Gazprom also went ahead with its second winter gas auction, in a move to develop a more market-oriented approach to gas sales than the conventional flexible long-term contracts: last year’s round (same period, same delivery points) was far from fully bid for but the summer auctions, for the Belarus-Lithuania did a bit better, and now the process might be even slicker. However it has not revealed how many lots are on the block this time. The reserve price is also confidential. Delivery profile is flat, 100% take or pay.
Relations between the European Commission and Ukraine remain friendly, with the EU commissioner for energy union, Maros Sefcovic, visiting Kiev in early September and keen to help Gazprom and Naftogaz Ukrainy reach an agreement on winter gas deliveries and transit. The last one expired in June. Naftogaz has not imported any Russian gas since last November when it took just 390mn m³. It imported no gas in Q2 this year and only in July began importing again. Meanwhile its storage inventories remain at perhaps historic lows. Sefcovic also approved of the thinking behind the Naftogaz unbundling plan, in compliance with the EU Third Energy Package.
There was more fighting in the Nigeria Delta, despite talk of a ceasefire: apart from the Niger Delta Avengers, there are other groups active such as the Niger Delta Red Squad (NDRS) and Niger Delta Searchlight (NDS) that have claimed responsibility for attacks on oil and gas pipelines and so cutting flows of gas to the Nigerian LNG facility. An Eni-operated pipeline was attacked as recently as September 1, reported Nigerian news site Naji, adding that NDRS had said it was responsible.
Better news for Eni in Africa’s upstream sector was its fifth successful well in the Zohr mega-field in Egypt, confirming gas in place of some 850bn m³. First gas is due at the end of next year, by which time the results of the first offshore Israeli round should have been decided.
Launched this week on a ministerial roadshow taking in also Singapore and the UK, the round could trigger all kinds of incentives, including, reportedly the creation of a buying consortium to spread offtake risk once the gas is landed. Energy minister Yuval Steinitz was in London September 1 meeting upstream executives and setting out the rules.
Israel is thought to have greater potential as a means of unlocking gas reserves than the Cyprus-Egypt gas trade agreement in principle signed August 31, although Israel has been poised to join the gas exporters’ community for quite some years: the Leviathan field was found in December 2010. Relations with Turkey have thawed this summer.
Part of the reason for the delay was the size of the field: it was so big that it threw up all kinds of policy questions, such as how much gas should be exported and was there a risk in having a small number of companies in the offshore.
Accordingly Delek Group, is set to sell its 31.25% holdings in another licence, the Tamar Partnership, probably through a special purpose company (SPC).
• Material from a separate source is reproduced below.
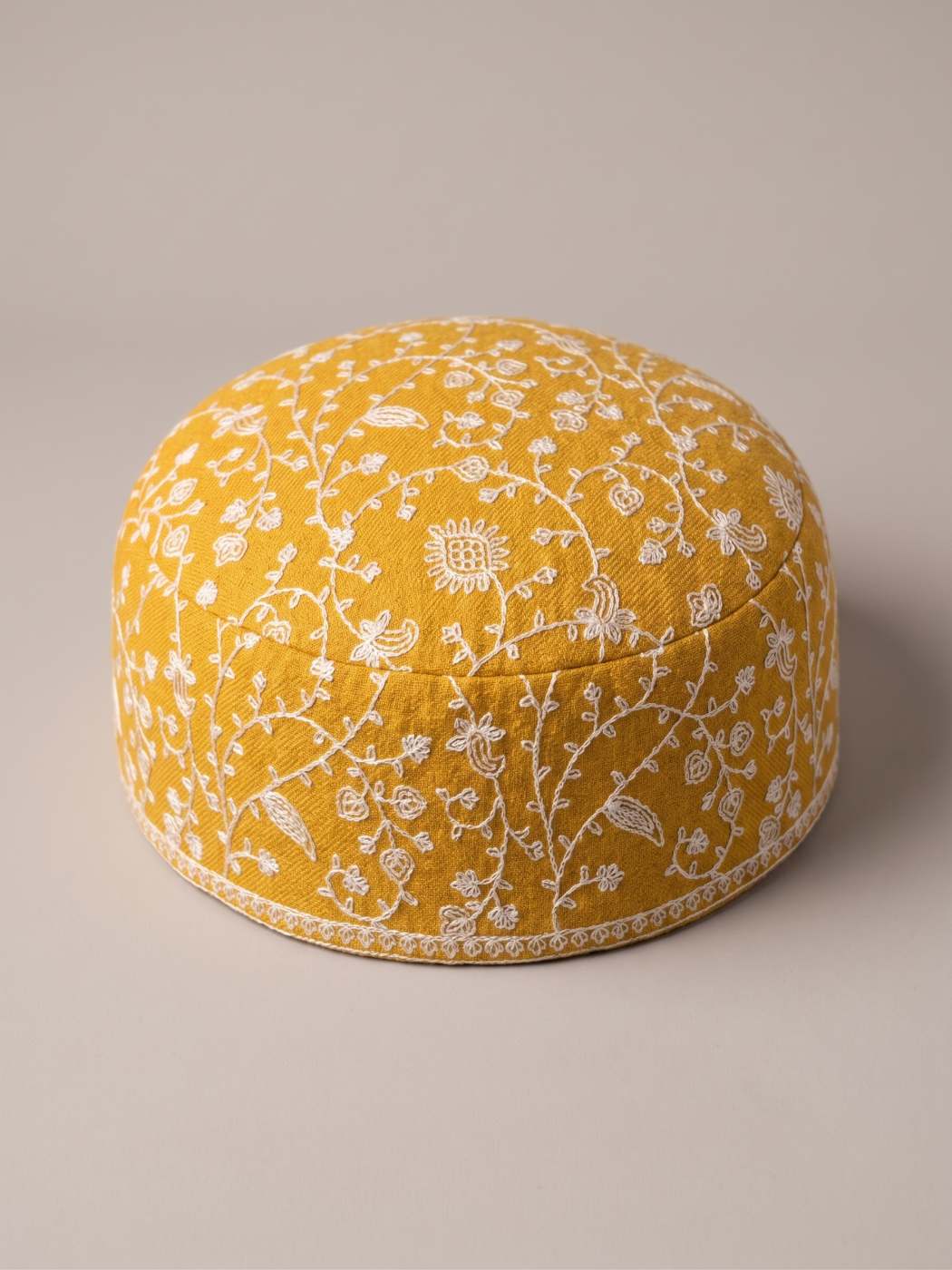 Sozni Embroidered Kashmiri Cap for Gents in Mustard Color in Toosha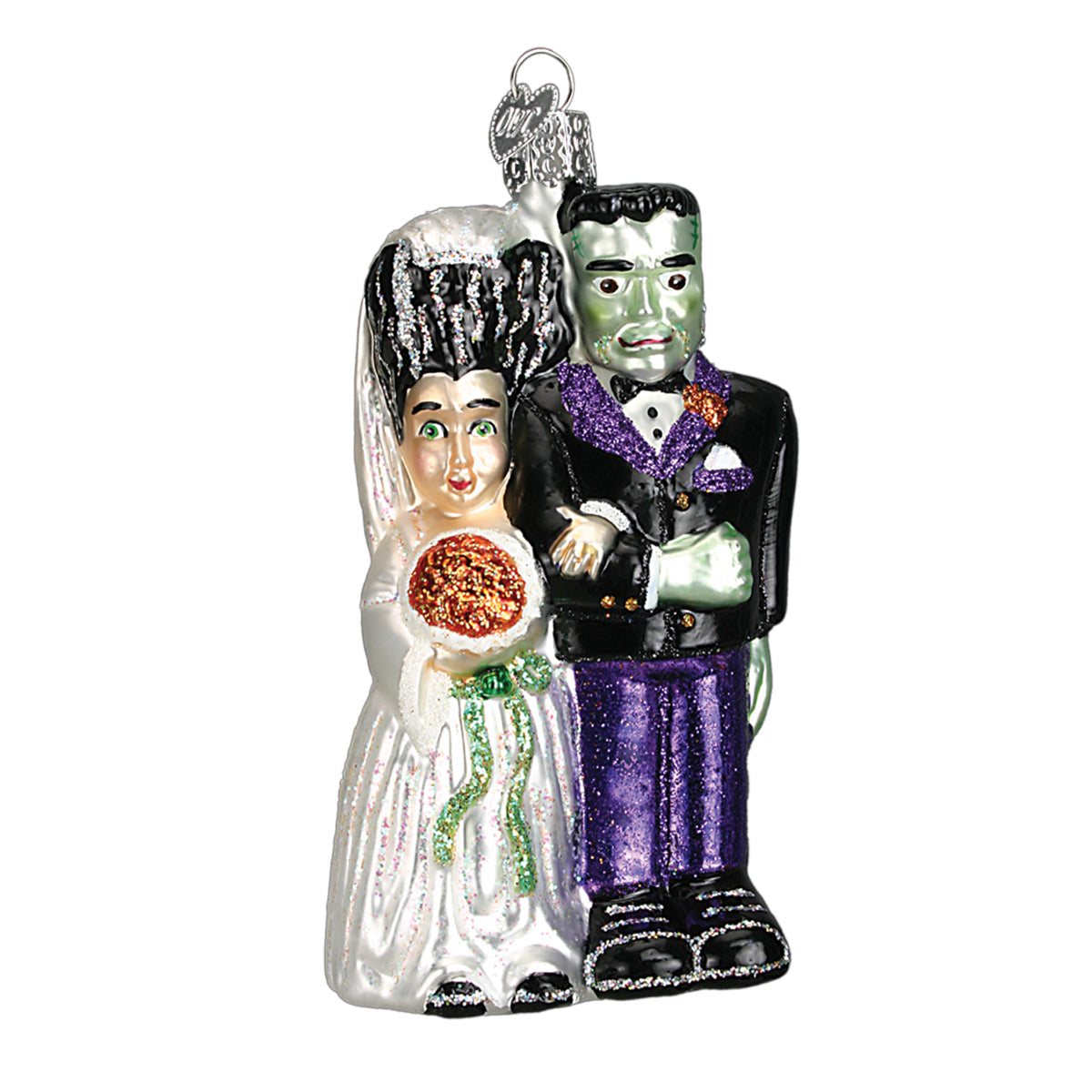 Frankenstein & Bride Glass Ornament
The company plans to transfer all its Tamar holdings to the SPC and then go to an IPO in either New York or London. First details of Delek Group's plan to divest its holdings in Tamar were revealed this week by CEO Asaf Bartfeld during an analysts' call following the filing of the group's second quarter results.
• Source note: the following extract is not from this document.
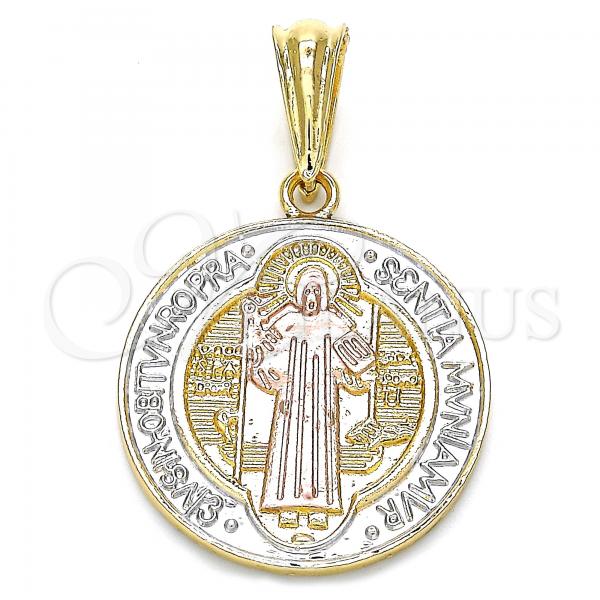 Oro Laminado Religious Pendant, Gold Filled Style San Benito Design, Polished, Tricolor, 05.351.0011.1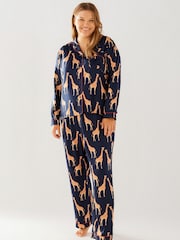 Chelsea Peers Blue Curve Satin Giraffe Print Long Pyjama Set - Image 1 of 5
According to the Regulatory Natural Gas Framework Delek must do this within six years of the Framework's approval. Noble Energy, the biggest stake holder in Tamar with 36% and the operator, has to sell down to 25%. In July Noble concluded a deal to sell 3% of Tamar to Harel Group, one of Israel's biggest insurance group in a $369mn deal that partner Noble says values the project at $12.3bn.